Cons of switching from iPhone/iOS to Samsung Galaxy Note II/Android


  1. No mute button: This is irritating. I used to be able to mute my phone just by reaching into my pocket and flicking the very handy mute switch. Now I have to turn the phone on swipe down and tap. Might not sound like much but I do miss my mute button!
  2. Crashes: My iPhones were not immune from crashing but the Samsung seems to do so more often. I also sometimes find when installing apps that they behave a bit oddly until I reboot. For example I noticed this with the "Delayed Lock" app mentioned earlier. I guess it's the downside of a more open system. Also the "TouchWiz" built in Samsung front end for Android seems to throw its toys out of its pram a couple of times a day. I am hoping that once I stop installing so much new stuff this will settle down but it is a (minor) annoyance.
  3. Ergonomics: The iPhone because of its smaller and more compact form factor was easier to handle. There were some games (e.g. Drop7) that I could play on it single handed. That is not really possible on the Samsung. It generally requires two hands to do anything more simple than selecting a podcast or reading on it. This is a trade-off for all the benefits having the bigger screen brings.
  4. The Pen is too sensitive: One of the "features" of the pen is that the phone senses it even when you are just hovering it above the screen. This makes it harder in my view to accurately write, draw and scribble stuff with erroneous etchings appearing in places I didn't intend them to. I cannot find a way to turn this sensitivity down/off either although I am willing to concede there may be a way that I have missed. I looked pretty hard though!
  5. Noises: I can't find a way to turn the noises off when e-mail arrives. Minor annoyance and I am quite getting used to it now but it wasn't ideally what I wanted. Maybe there is a way to do this but I am buggered if I can find it. The obvious setting by the way before anyone comments does not work.
  6. Tap to top: Supposedly you can double tap on the top of the phone and this will scroll to the top in e-mail, twitter etc. like tapping on the top of the screen does on an iPhone. Doesn't work. At least it doesn't on mine and looking on forums I am far from the only one. Maybe I've set something wrong but I don't think so. Living with it at the moment. A moderate niggle.

And that's about it.

You can probably tell from the sheer amount of pros vs cons that I am not regretting my shift out of the Apple ecosystem into the brave new world of Samsung and Android.

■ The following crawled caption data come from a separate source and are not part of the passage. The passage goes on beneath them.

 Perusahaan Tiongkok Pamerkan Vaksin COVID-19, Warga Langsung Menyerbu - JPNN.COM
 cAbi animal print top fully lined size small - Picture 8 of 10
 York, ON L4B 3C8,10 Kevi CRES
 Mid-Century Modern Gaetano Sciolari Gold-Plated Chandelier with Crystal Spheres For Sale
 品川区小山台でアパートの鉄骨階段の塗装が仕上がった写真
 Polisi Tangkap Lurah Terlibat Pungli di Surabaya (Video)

I would certainly recommend the move for anyone like me who is frustrated with the lack of openness that Apple products have built in. You do however need to get your hands a bit dirty with settings, configurations and manual file copying to get the most out of the Samsung so if you are frightened put off by that you might be better off sticking with iOS.

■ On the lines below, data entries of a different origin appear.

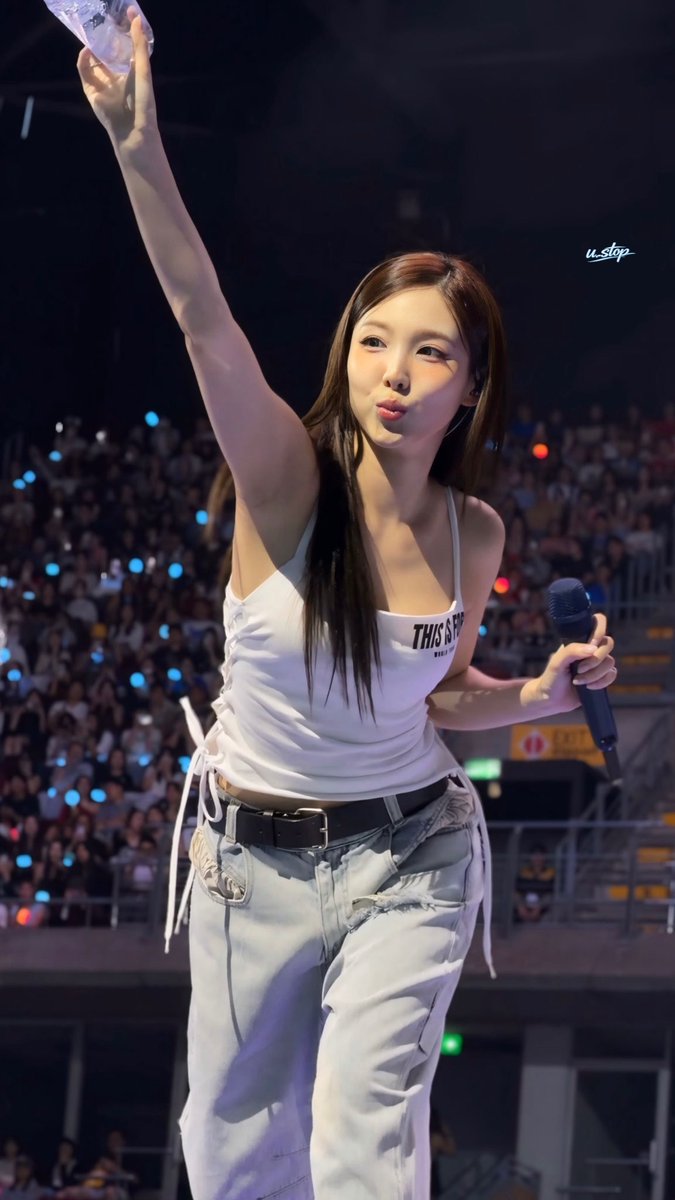 PROTECT HER AT ALL COSTS 🥺🥺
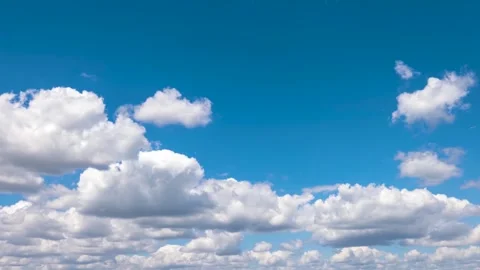Time lapse view of a blue summer sky with fluffy, white clouds Video stock 278030133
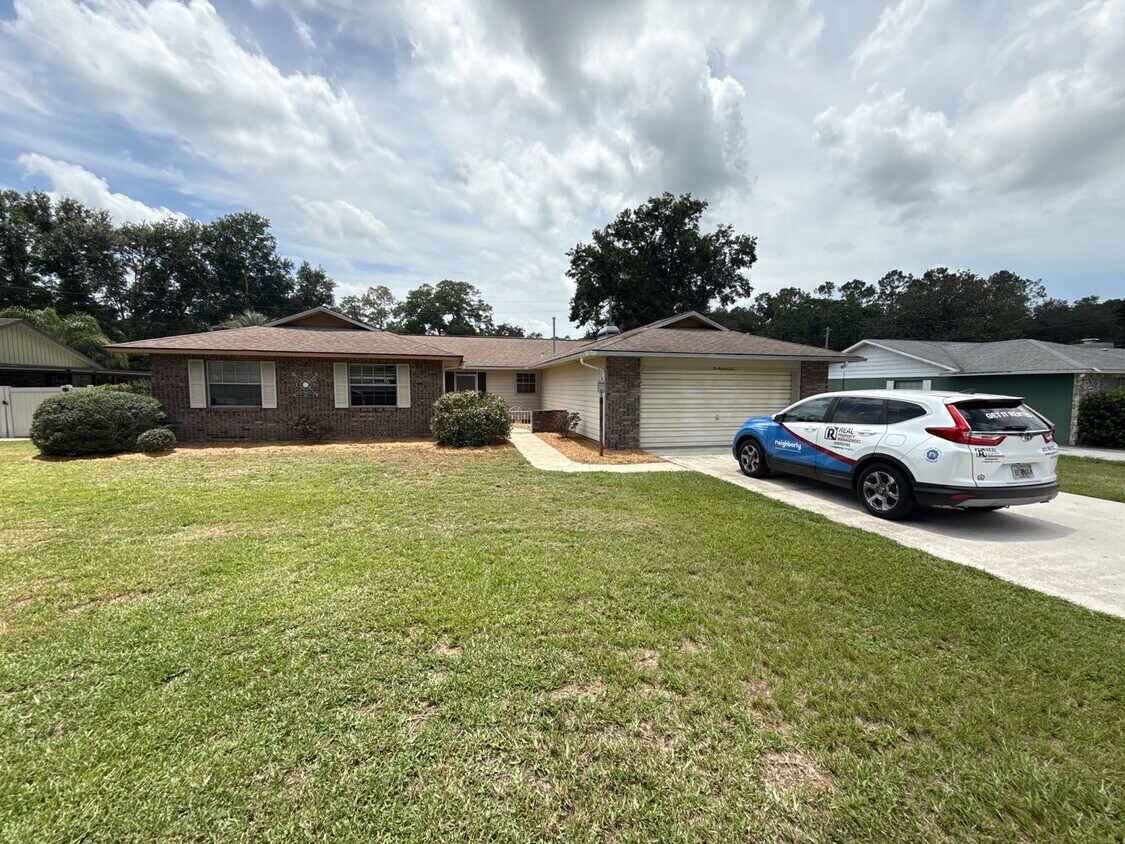 Foto principal - SLEEPY HOLLOW 3/2/2 Pool Home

For everyone else, you should consider joining me when you're next ready to upgrade. I doubt you'll regret it!

10 comments:

Wireman said...

"You do however need to get your hands a bit dirty with settings, configurations and manual file copying to get the most out of the Samsung so if you are frightened by that you might be better off sticking with iOS."

That's a hell of a value judgement, there. I'm not in the least bit "frightened" by settings, config and manual file copying. I just can't be bothered with it on what is, after all, a mobile device.

Mark Thompson said...

@Wireman: Fair point. I have amended in the text now.

Paul Robinson said...

I'm considering making the move from iOS to Android, and this post has been extremely helpful - thank you. I am looking to purchase either the LG Nexus 4 or the Samsung Galaxy SIII. May I ask whether you considered these and, if so, what put you off? (or what made you choose the Note II over those models? - I must say I'm not a fan of using a stylus. Is it essential to use the stylus or will a finger suffice?)

Mark Thompson said...

@Paul: Just the screen size really made me go for this rather than any of the other Android devices. I suspect a fair few of the things I list here are Android features rather than specific to the Note although I think the multi-screen and pop-out things are specific to it.

And I should have made it a bit clearer, no you do not need to use the stylus. The phone works fine with me jabbing my stubby fingers at it exactly like any other smartphone!

dazbert said...

Nice rundown. For me, it's the openness that clinches it, which I guess is related to having access to the filesystem. It just makes so much more possible.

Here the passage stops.